══ Stored data

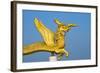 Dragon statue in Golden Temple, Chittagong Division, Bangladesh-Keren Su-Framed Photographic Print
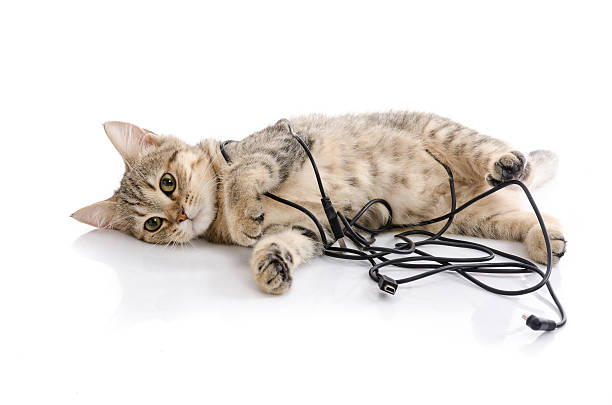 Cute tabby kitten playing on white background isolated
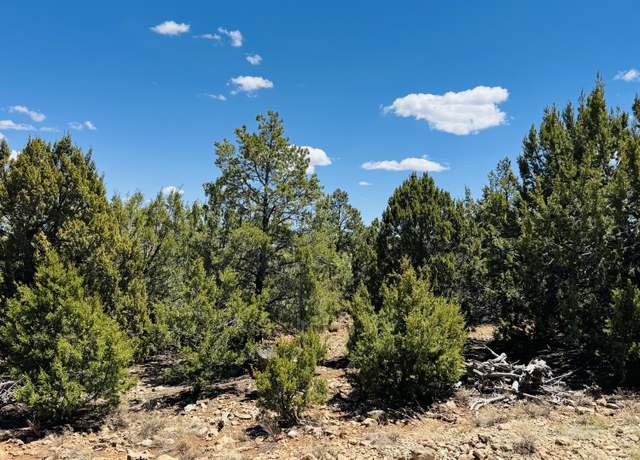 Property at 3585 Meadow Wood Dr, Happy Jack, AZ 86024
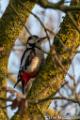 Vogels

════

Task to complete
Could you retype exactly the lines running from the one with "Cute tabby kitten" to the end of the material above, pictures omitted?

Reply to the exercise
 Cute tabby kitten playing on white background isolated
 Property at 3585 Meadow Wood Dr, Happy Jack, AZ 86024
 Vogels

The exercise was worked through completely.